> [Available records]
*** Block opens ***

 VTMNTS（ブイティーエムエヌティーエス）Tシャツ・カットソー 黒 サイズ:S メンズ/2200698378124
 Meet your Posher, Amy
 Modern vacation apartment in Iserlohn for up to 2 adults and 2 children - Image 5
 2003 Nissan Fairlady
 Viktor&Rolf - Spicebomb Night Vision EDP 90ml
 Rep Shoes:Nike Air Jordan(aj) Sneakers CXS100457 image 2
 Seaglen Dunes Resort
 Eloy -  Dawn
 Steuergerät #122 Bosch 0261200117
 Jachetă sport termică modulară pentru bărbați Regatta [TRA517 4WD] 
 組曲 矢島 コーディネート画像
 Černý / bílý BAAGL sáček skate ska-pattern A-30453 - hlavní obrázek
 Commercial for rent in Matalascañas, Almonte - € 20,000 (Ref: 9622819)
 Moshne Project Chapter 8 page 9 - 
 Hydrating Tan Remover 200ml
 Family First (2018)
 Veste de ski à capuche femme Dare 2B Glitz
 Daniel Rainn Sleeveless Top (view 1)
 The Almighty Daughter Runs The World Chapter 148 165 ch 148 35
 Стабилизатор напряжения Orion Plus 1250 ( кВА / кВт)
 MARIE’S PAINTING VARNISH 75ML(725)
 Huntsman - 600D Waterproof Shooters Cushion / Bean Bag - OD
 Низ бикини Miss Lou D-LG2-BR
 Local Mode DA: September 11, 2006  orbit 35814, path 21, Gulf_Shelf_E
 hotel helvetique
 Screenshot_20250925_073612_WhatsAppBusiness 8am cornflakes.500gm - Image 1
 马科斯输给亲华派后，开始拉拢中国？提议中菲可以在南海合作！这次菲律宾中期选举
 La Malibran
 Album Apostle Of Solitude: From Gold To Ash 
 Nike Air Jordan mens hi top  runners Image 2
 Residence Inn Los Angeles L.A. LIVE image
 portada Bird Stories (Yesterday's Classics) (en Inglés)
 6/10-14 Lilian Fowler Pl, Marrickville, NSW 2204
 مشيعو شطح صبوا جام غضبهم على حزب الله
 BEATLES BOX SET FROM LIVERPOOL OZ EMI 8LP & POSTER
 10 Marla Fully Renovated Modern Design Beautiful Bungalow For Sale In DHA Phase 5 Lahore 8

*** Block closes ***

> [Work instructions] Retype each record exactly, leaving nothing out.

> [Output for this task]
 VTMNTS（ブイティーエムエヌティーエス）Tシャツ・カットソー 黒 サイズ:S メンズ/2200698378124
 Meet your Posher, Amy
 Modern vacation apartment in Iserlohn for up to 2 adults and 2 children - Image 5
 2003 Nissan Fairlady
 Viktor&Rolf - Spicebomb Night Vision EDP 90ml
 Rep Shoes:Nike Air Jordan(aj) Sneakers CXS100457 image 2
 Seaglen Dunes Resort
 Eloy -  Dawn
 Steuergerät #122 Bosch 0261200117
 Jachetă sport termică modulară pentru bărbați Regatta [TRA517 4WD] 
 組曲 矢島 コーディネート画像
 Černý / bílý BAAGL sáček skate ska-pattern A-30453 - hlavní obrázek
 Commercial for rent in Matalascañas, Almonte - € 20,000 (Ref: 9622819)
 Moshne Project Chapter 8 page 9 - 
 Hydrating Tan Remover 200ml
 Family First (2018)
 Veste de ski à capuche femme Dare 2B Glitz
 Daniel Rainn Sleeveless Top (view 1)
 The Almighty Daughter Runs The World Chapter 148 165 ch 148 35
 Стабилизатор напряжения Orion Plus 1250 ( кВА / кВт)
 MARIE’S PAINTING VARNISH 75ML(725)
 Huntsman - 600D Waterproof Shooters Cushion / Bean Bag - OD
 Низ бикини Miss Lou D-LG2-BR
 Local Mode DA: September 11, 2006  orbit 35814, path 21, Gulf_Shelf_E
 hotel helvetique
 Screenshot_20250925_073612_WhatsAppBusiness 8am cornflakes.500gm - Image 1
 马科斯输给亲华派后，开始拉拢中国？提议中菲可以在南海合作！这次菲律宾中期选举
 La Malibran
 Album Apostle Of Solitude: From Gold To Ash 
 Nike Air Jordan mens hi top  runners Image 2
 Residence Inn Los Angeles L.A. LIVE image
 portada Bird Stories (Yesterday's Classics) (en Inglés)
 6/10-14 Lilian Fowler Pl, Marrickville, NSW 2204
 مشيعو شطح صبوا جام غضبهم على حزب الله
 BEATLES BOX SET FROM LIVERPOOL OZ EMI 8LP & POSTER
 10 Marla Fully Renovated Modern Design Beautiful Bungalow For Sale In DHA Phase 5 Lahore 8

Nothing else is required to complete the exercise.